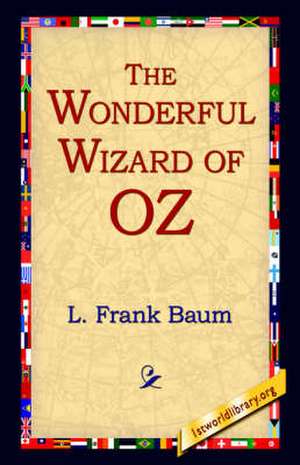 The Wonderful Wizard of Oz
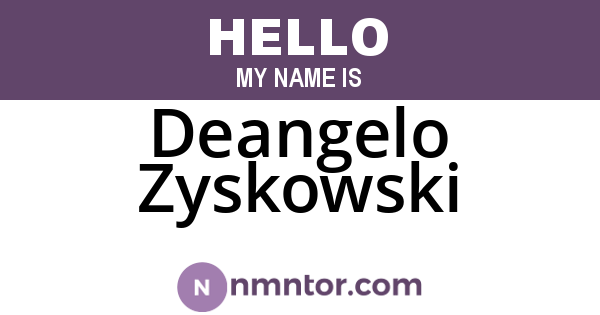 Deangelo Zyskowski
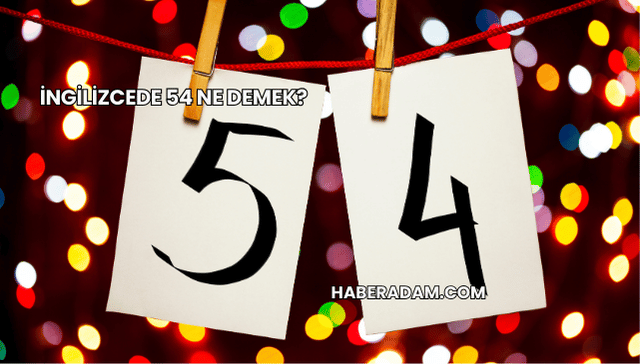 İngilizcede 54 Ne Demek?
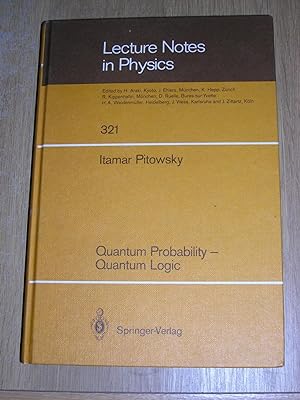 Quantum Probability ¿ Quantum Logic (Lecture Notes in Physics)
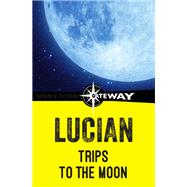 Trips to the Moon by Lucian, 9781473216525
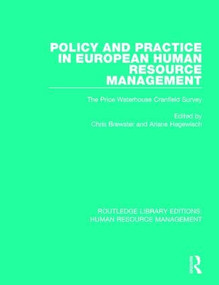 Policy and Practice in European Human Resource Management (The Price Waterhouse Cranfield Survey) by Chris Brewster, Ariane Hegewisch, 9781138294523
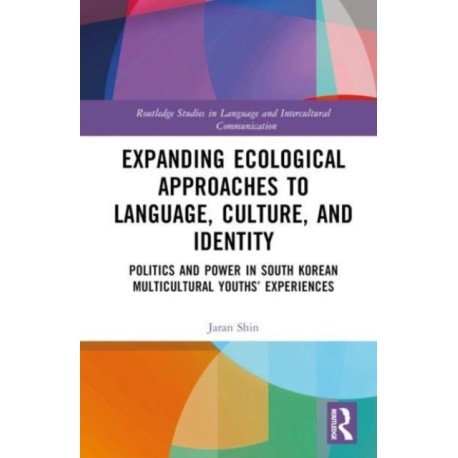 Expanding Ecological Approaches to Language, Culture, and Identity: Politics and Power in South Korean Multicultural Youths’ Experiences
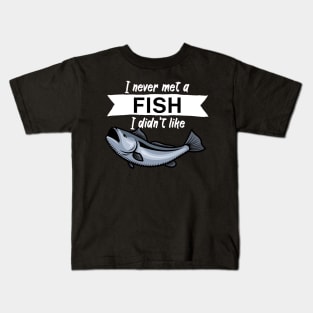 I never met a fish I didn’t like Kids T-Shirt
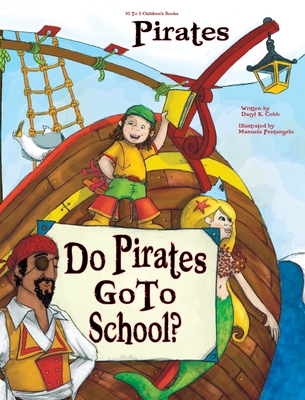 Do Pirates Go to School? - Daryl K. Cobb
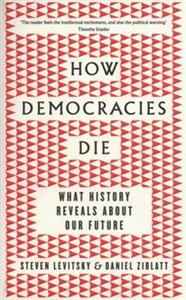 Obrazek How Democracies Die What History Reveals About Our Future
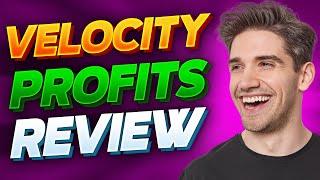 What Is Velocity Profits? 2024 Review (Everything You Need To Know)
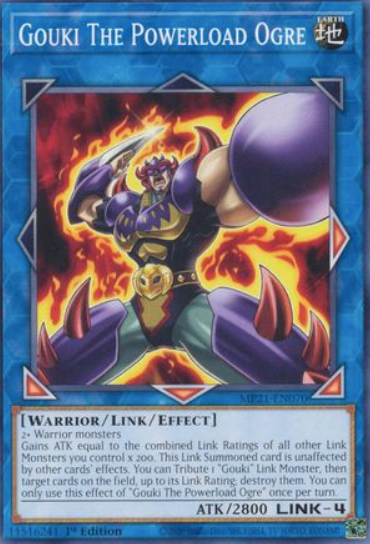Gouki The Powerload Ogre - MP21-EN070 - Common 1st Edition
---*---
The lines above from the line with "I never met" through the line with "What Is Velocity" are to be given again word for word, with no pictures among them.

| FINAL ANSWER |
 I never met a fish I didn’t like Kids T-Shirt
 Do Pirates Go to School? - Daryl K. Cobb
 Obrazek How Democracies Die What History Reveals About Our Future
 What Is Velocity Profits? 2024 Review (Everything You Need To Know)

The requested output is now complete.